Non attendete che sia richiesto l’affetto, donatelo spontaneamente. Non è, sapete, la
compagnia che vi fa cessare di essere soli: quante creature si conoscono da anni
e sono estranee l’una all’altra. È la comprensione, più forte di qualsiasi legame,
che è più compagnia del matrimonio e dell’amicizia, perché è inizio di comunione
spirituale.
E credete che questa comprensione, questo amore puro, leghi le creature? Anche voi,
che non siete soli, cercate di dare di questo amore e domandatevi se credete che sia
giusto questo continuo lamentarvi per la mancanza di qualcosa nell’amico, compagno,
fratello. Guardate prima se v’è in voi questo qualcosa di cui lamentate la mancanza
negli altri. È difficile scorgere il proprio volto nell’altrui, ma se ci riuscite vi accorgete
che, sovente, colui il quale vede dei difetti nel fratello, ha gli stessi in sé.

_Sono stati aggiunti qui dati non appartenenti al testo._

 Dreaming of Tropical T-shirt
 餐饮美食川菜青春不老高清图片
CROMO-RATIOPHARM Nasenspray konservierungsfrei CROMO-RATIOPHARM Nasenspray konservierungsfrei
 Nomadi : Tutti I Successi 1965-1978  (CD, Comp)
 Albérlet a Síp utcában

A voi che nelle relazioni vi perdete nei labirinti dei diritti e dei doveri, poche parole
diciamo:
il dovere è amore,
il diritto è egoismo.
Possiate avere orecchi per intendere.
Fratello Orientale
Qua vorrei partire dalla fine: “Il dovere è amore, il diritto è egoismo.”

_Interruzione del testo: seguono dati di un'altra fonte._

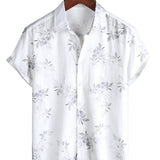 Ian White Floral Men's Shirt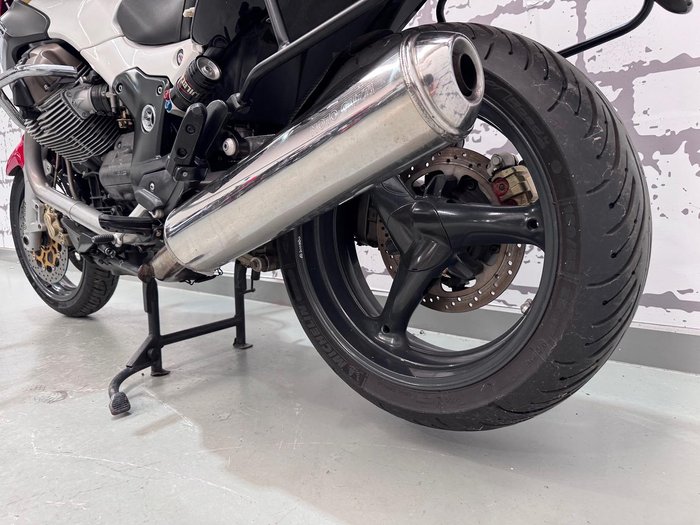 2005 Moto Guzzi Breva V1100 Breva Red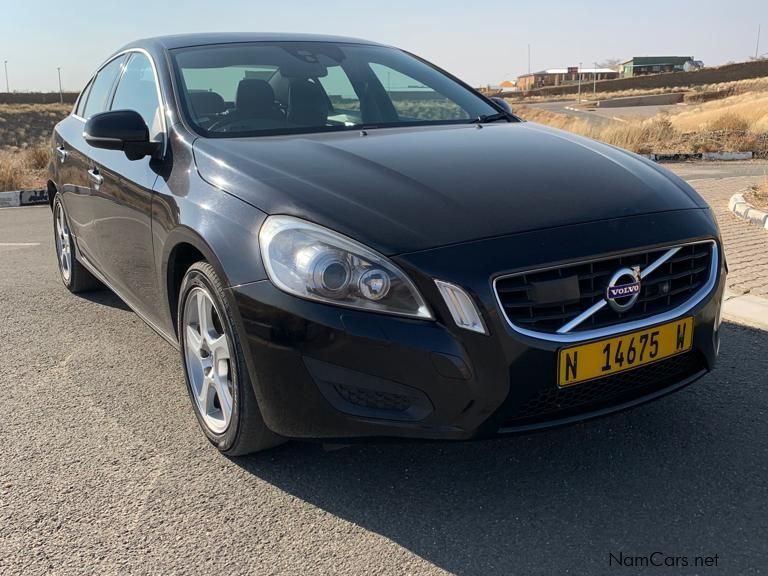 Volvo S60 in Namibia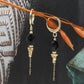Boucles oreilles dormeuse Ovaline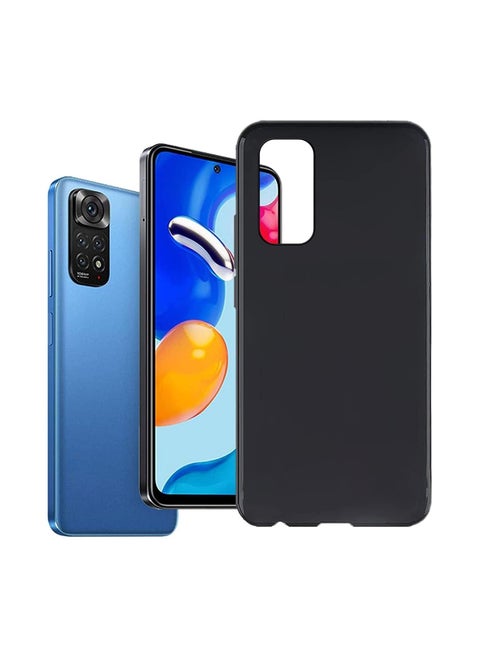Redmi Note 11 Protective Case For Xiaomi Redmi Note 11 Cover Black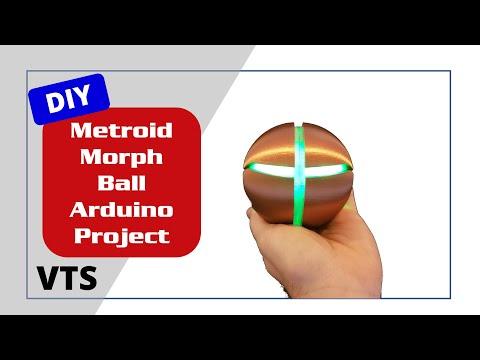 Metroid Morph Ball Arduino Project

All’inizio sembrano parole dure. Siamo abituati a considerare i diritti come una conquista fondamentale, e lo sono. Ma il testo ci invita a guardare più a fondo.
Il diritto riguarda ciò che ci spetta, ciò che chiediamo al mondo. È una spinta che parte da noi: “io ho diritto”, “io merito”, “io voglio”. Non è qualcosa di sbagliato, ma nasce sempre dall’io.
Il dovere, invece, può sembrare una fatica, un peso imposto. Eppure, visto con occhi diversi, diventa un gesto d’amore. È il momento in cui ci prendiamo cura di qualcuno senza aspettare nulla in cambio. È dare la mano a un bambino che sta imparando a camminare: non lo si porta sempre in braccio, non lo si abbandona a terra, ma lo si accompagna fino a quando sarà capace di camminare da solo.
Lo scritto insiste anche su un altro punto: non è la compagnia che fa sparire la solitudine, ma la comprensione. Ci sono persone che vivono insieme per anni senza mai conoscersi davvero. La vicinanza non dipende dallo stare sotto lo stesso tetto, ma dal riuscire a guardarsi dentro, a vedersi davvero, senza giudizio. È questo sguardo che crea comunione, più forte di un contratto, di un legame di sangue o persino di un matrimonio.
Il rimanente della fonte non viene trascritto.